Wie kann man zeigen, dass es nur abzählbar viele algebraische Zahlen gibt? Tipp: Weisen Sie jeder denkbaren Gleichung eine geeignete natürliche Zahl zu.

Wir weisen jeder Gleichung als "Höhe" die Summe aus dem höchsten Exponenten und den Beträgen aller (nach Voraussetzung beziehungsweise nach entsprechender "Erweiterung" ganzzahligen) Koeffizienten zu. Damit gibt es zu jeder solchen Höhe nur endlich viele verschiedene Gleichungen mit jeweils endlich vielen Lösungen.

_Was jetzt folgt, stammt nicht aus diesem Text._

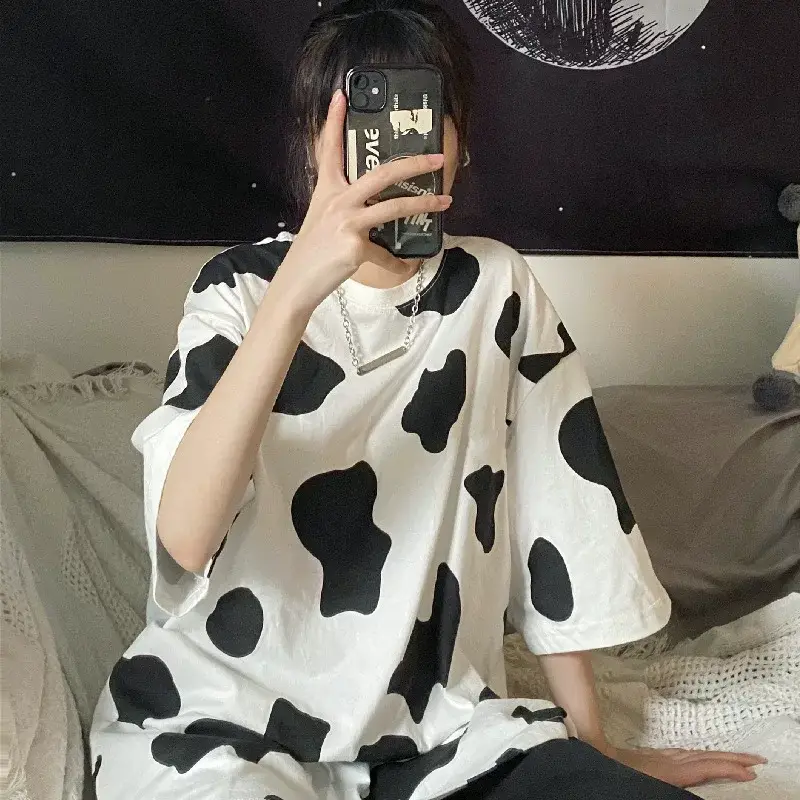 Cow Print Loose T-Shirt Unisex Bf Style 2026 — feature 6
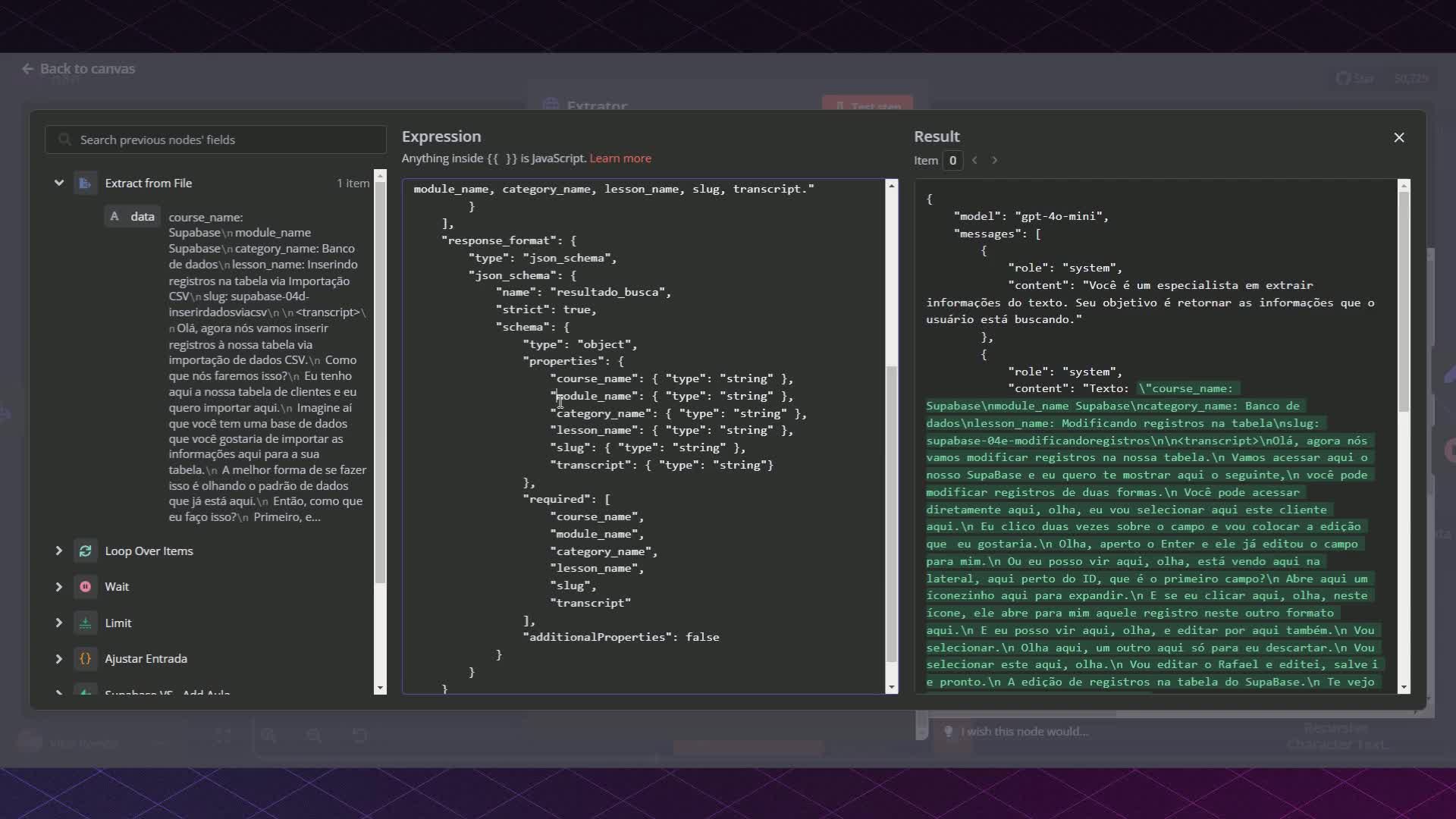 Como popular os dados para Supabase Vector Store usando N8N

Die Gesamtzahl dieser Lösungen – also unserer algebraischen Zahlen – ist somit die Summe aus abzählbar vielen endlichen Zahlen und somit abzählbar. Die rationalen Zahlen sind darin locker enthalten (obwohl sie selbst schon abzählbar unendlich viele sind: man kann sie eben beide nummerieren), denn auch eine Gleichung vom Typ \(3x = 4\) gehört zu den algebraischen Gleichungen und eine rationale Zahl wie 4/3 somit zu den algebraischen Zahlen.

Die reellen Zahlen, die dann noch "übrig" bleiben, also fast alle, werden "transzendent" genannt. Die prominentesten von ihnen sind die Kreiszahl \(\pi\) und die Eulersche Zahl e.